German politician Christian Weiland positively assed the initiative of the Bavarian CSU party to established anchor centers for unsuccessful asylum seekers, although he noted that such facilities "do not belong to Germany" but rather "outside the EU borders."
"There you can take care of people and process asylum applications efficiently. The European and in particular the German border must be controlled in order to avoid further uncontrolled immigration of asylum seekers," the politician wrote.
Weiland also stressed that he would reject the establishment of other similar centers in Germany, because to resolve the ongoing refugee crisis, one needs to make decisive steps and close German borders.
"The current government has completely lost control. It seems to me that there is no interest of the government in mastering this crisis in a rational and reasonable manner," the politician argued.
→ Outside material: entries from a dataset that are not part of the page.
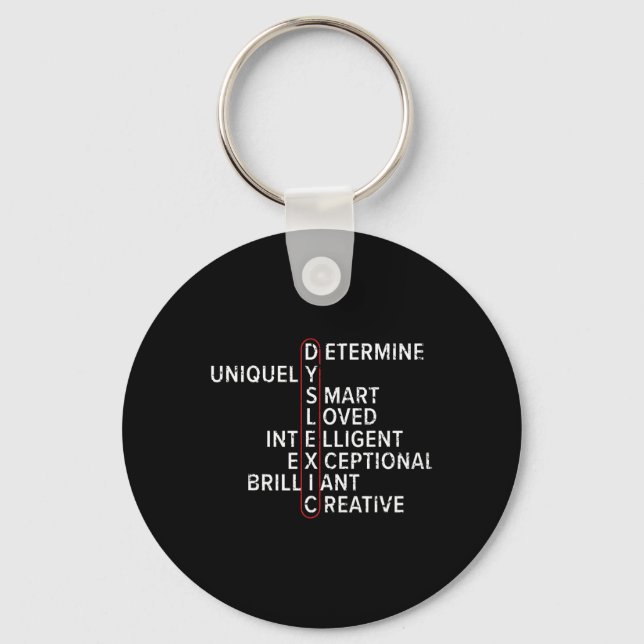 Awareness Reading Disorder Learning Disability 7  Key Ring (Front)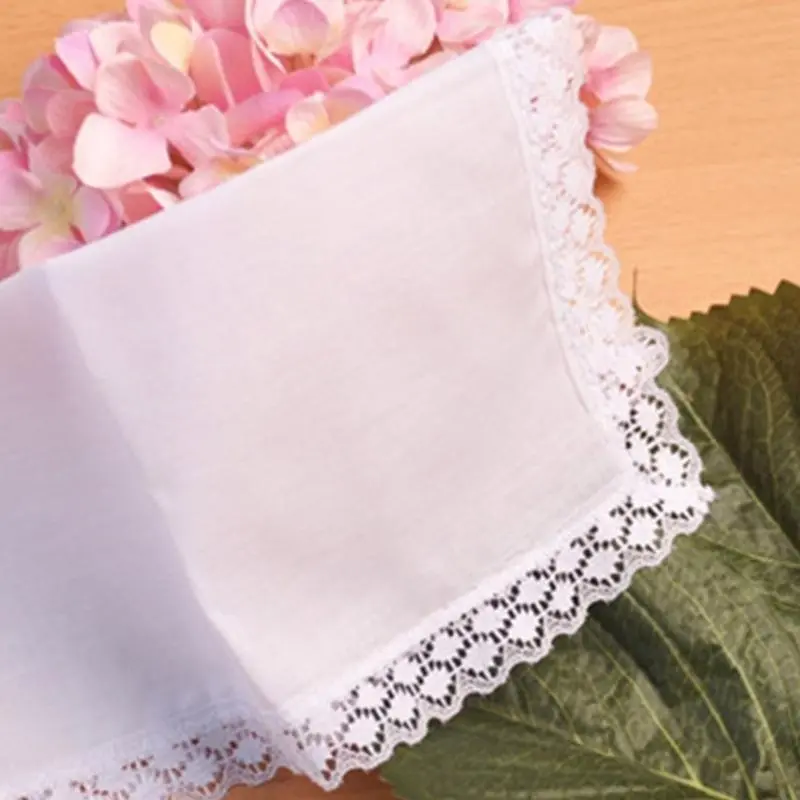 39BB Adult White Handkerchief Cotton Lace Trim Super Soft Washable Hanky DIY Supplies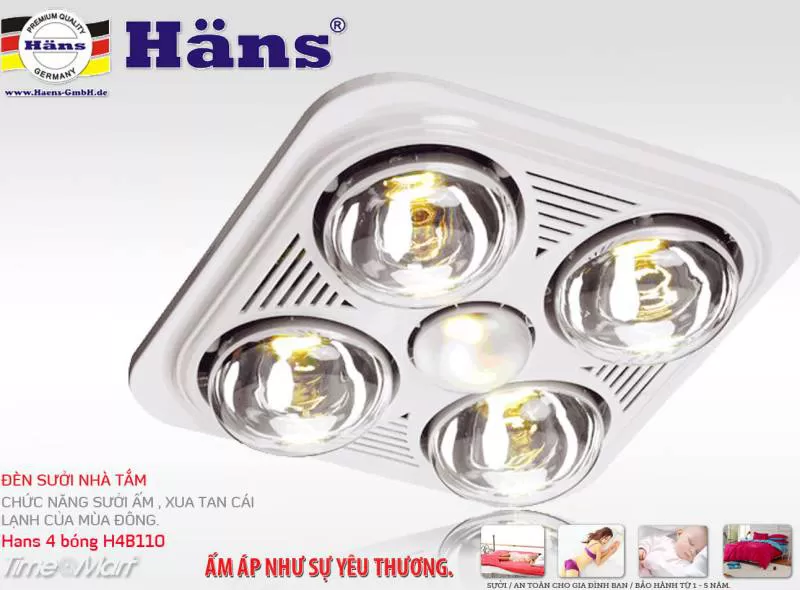 Đèn sưởi nhà tắm phòng tắm hans 4 bóng công suất 1240W / H4B1100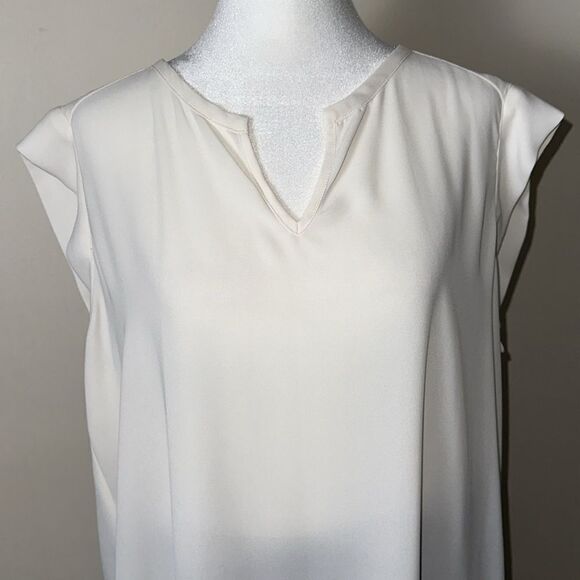 Anthro x Pleione XL Ivory High Low Pleated Back Front Keyhole Cap Sleeve Shell - Picture 4 of 10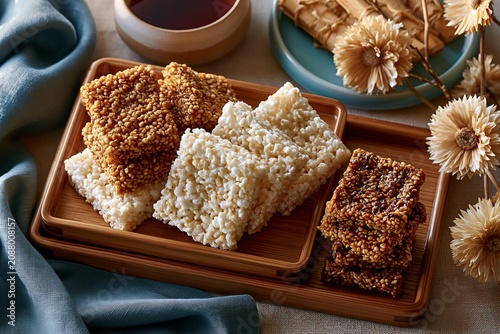 Korean traditional hangwa sweets for chuseok holiday, korean confection still life
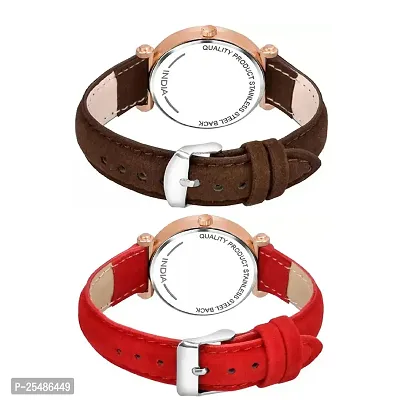 Medboo Black 12Diamond Dial Brown and Red Leather Belt Combo Women and Girls Watch-thumb3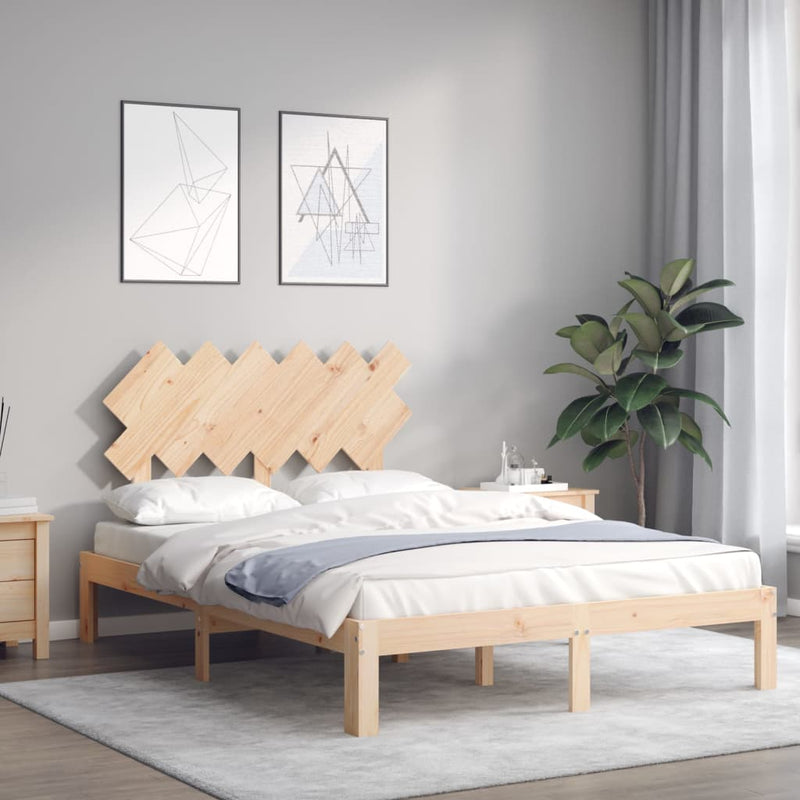 vidaXL tömör fa ágykeret fejtámlával Small Double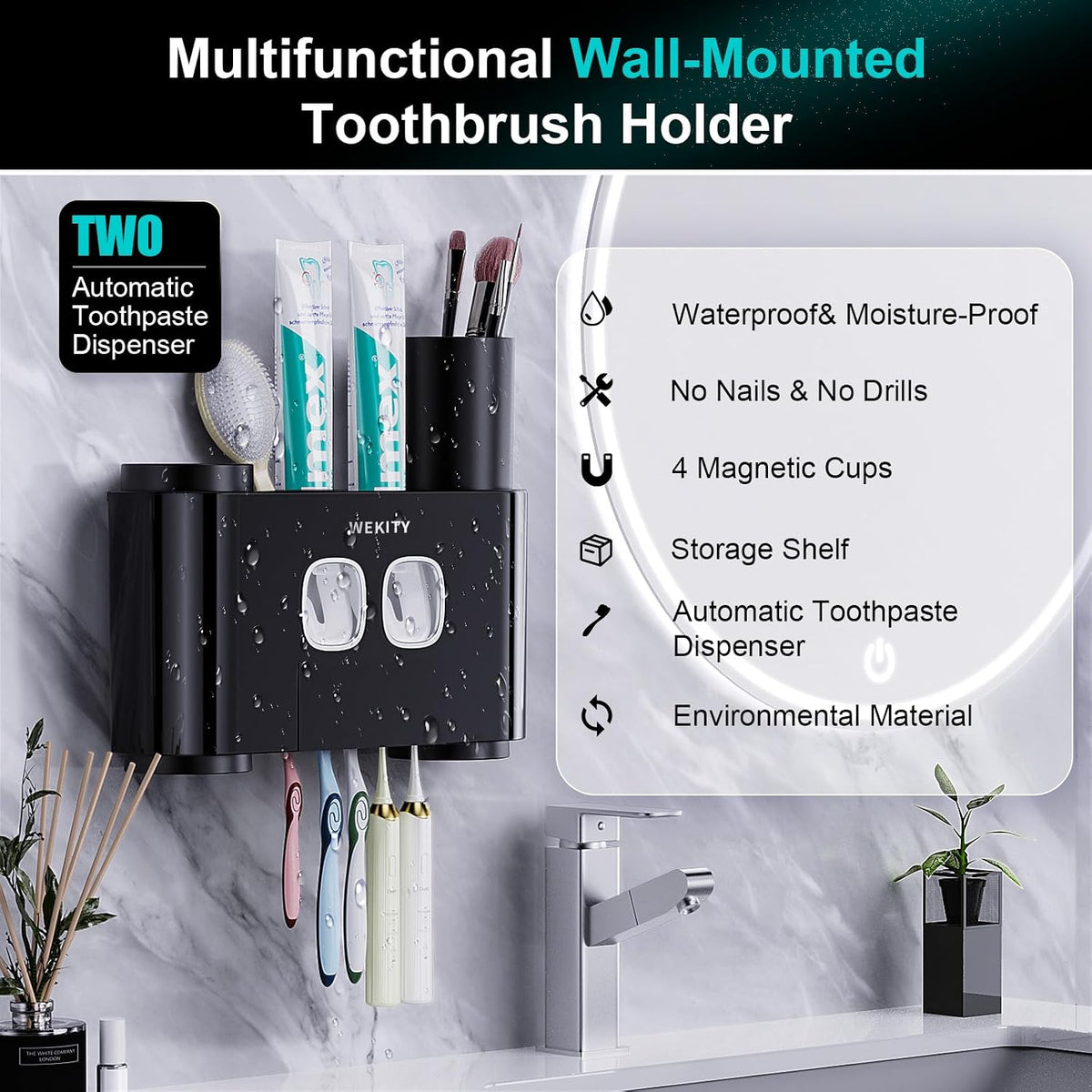 Toothbrush Holder,Multi-Functional Wall Mounted Toothbrush Holder,Toothpaste Dispenser for Bathroom with 2 Toothpaste Squeezers,5 Toothbrush Slots and 4 Cups(Black)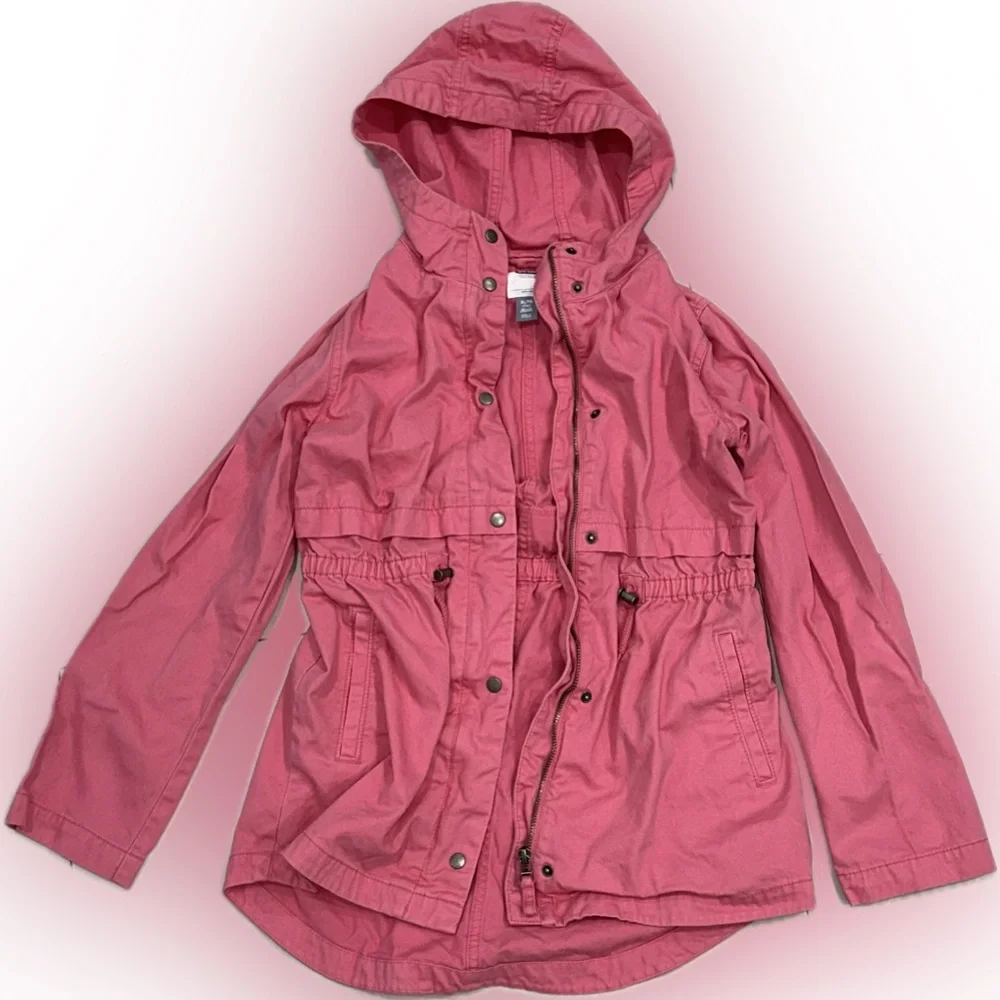 Old Navy Girls XL Pink Utility Jacket with Hood 🩷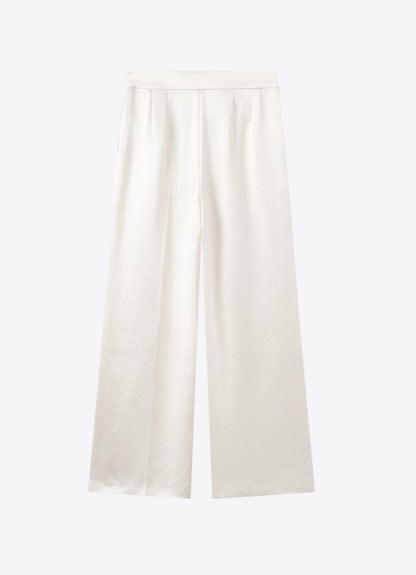 COMME MOI summer acetate texture commuter wide-leg pants - NAVY.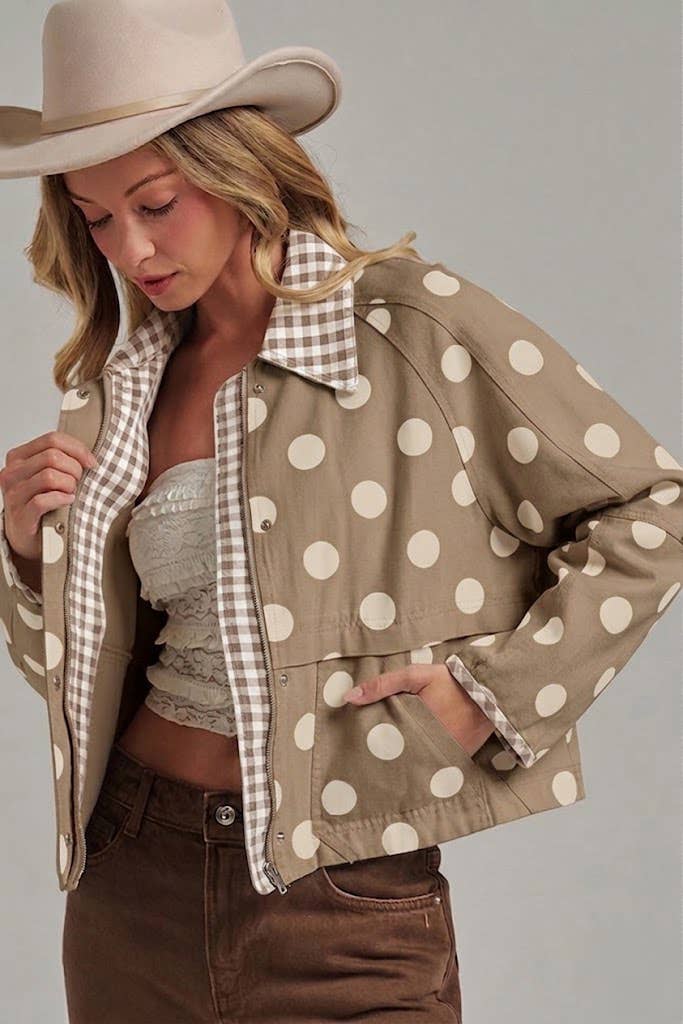 Oxford Polka Dot and Gingham Canvas Cropped Barn Jacket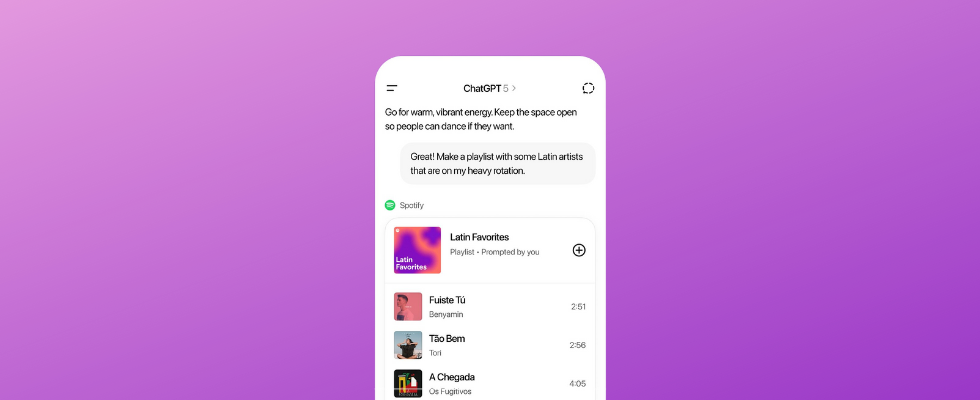 ChatGPT lässt User jetzt mit Spotify, Canva, Booking und Co. chatten
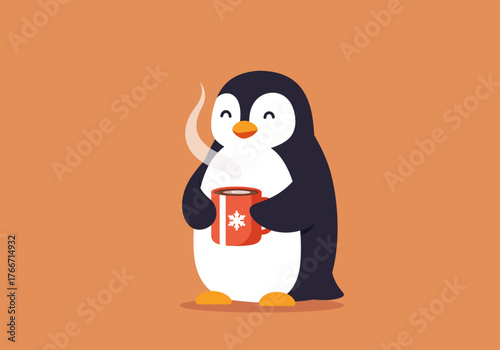 Cute cartoon penguin holding a festive red mug of hot beverage with steam, celebrating the natal season with warmth and joy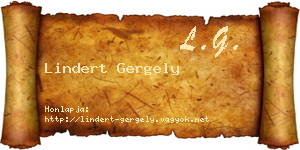 Lindert Gergely névjegykártya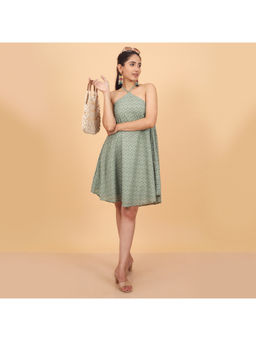 HANDME - Blossom Ikat Print Halter Neck Dress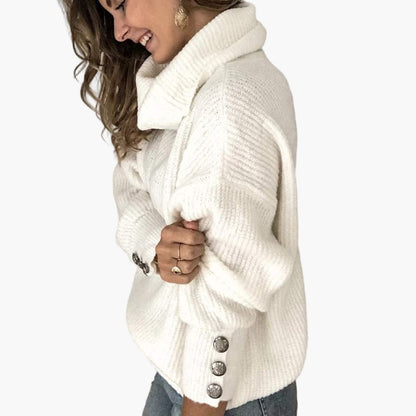 Damen Pullover mit Rollkragen und Knopfdetails – Bequemer Strick für Alltag und Freizeit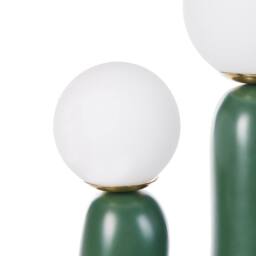 Wyld and Coco Green U-Shaped Resin Table Lamp with Double Glass Shades - thumbnail 5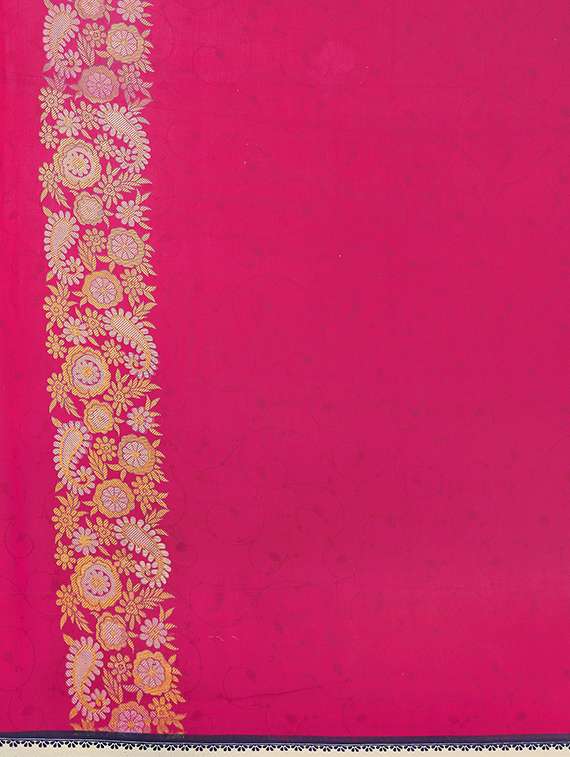 women navy blue printed georgette saree with blouse - 21431421 -  Standard Image - 3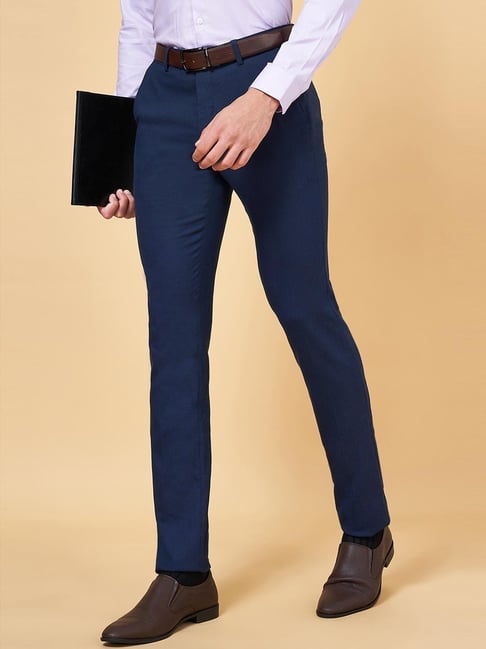 Buy Annabelle By Pantaloons Women Charcoal Grey Slim Fit Solid Formal  Trousers - Trousers for Women 2519380 | Myntra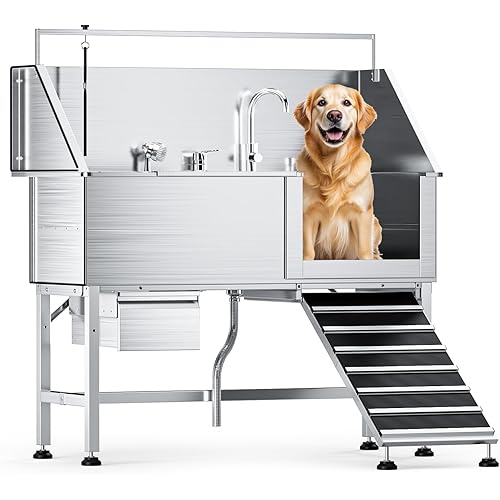 Professional 56" Dog Washing Station, 304 Stainless Steel Dog Bathing Station, Height Adjustable Dog Grooming Tub w/Ramp, Storage Drawer, Dog Bathtub for Large, Medium&Small Dogs (Right Ramp)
"To finally solve this crisis, the following must happen: Immediate border closure. Strict adherence to the law. Consistent deportation of unauthorized person," Weiland added.
The politician slammed migration offices in Germany for granting asylum to more than a thousand people who were not entitled to receive it.
To emphasize his point of view, he quoted Czech President Milos Zeman: "If you live in a country where you are being fined for fishing without a fishing license, but not for illegal border crossing without a valid passport, then you have the full right to say that this country is ruled by idiots."
Earlier, the AfD filed a complaint against German Chancellor Angela Merkel to the Constitutional Court in Karlsruhe in connection with the government's migration policy.
According to the party's representatives, when Merkel decided to keep the borders open for refugees, she violated the right of the Bundestag to participate in the decision-making process.
"This violation cannot be without consequences. The German people have been told for years that there is no money. No money for: free school meals, more benefits from the statutory health insurance, road construction, more police officers, for equipment of the Bundeswehr, better social assistance. The Germans were told: we have to save money. [And then] there were about 1.5 million strangers in Germany, which will cost us billions and the chancellor says: We can do it! I ask: where does the money come from? And why was it withheld from the German people?," Weiland wondered.
In 2015, German Chancellor Angela Merkel announced that Germany would open its borders to migrants fleeing to Europe in search of a better future. However, of late, Berlin has been trying to curb its migration policy, partly due to strong criticism and security concerns among local residents and politicians.
The AfD has repeatedly criticized Merkel's policy of open-doors toward migrants and demanded the chancellor's resignation. Support for the party has risen sharply in recent years, with the party performing well in last year's federal election. They are currently the second largest party in Germany, according to a poll taken in February 2018.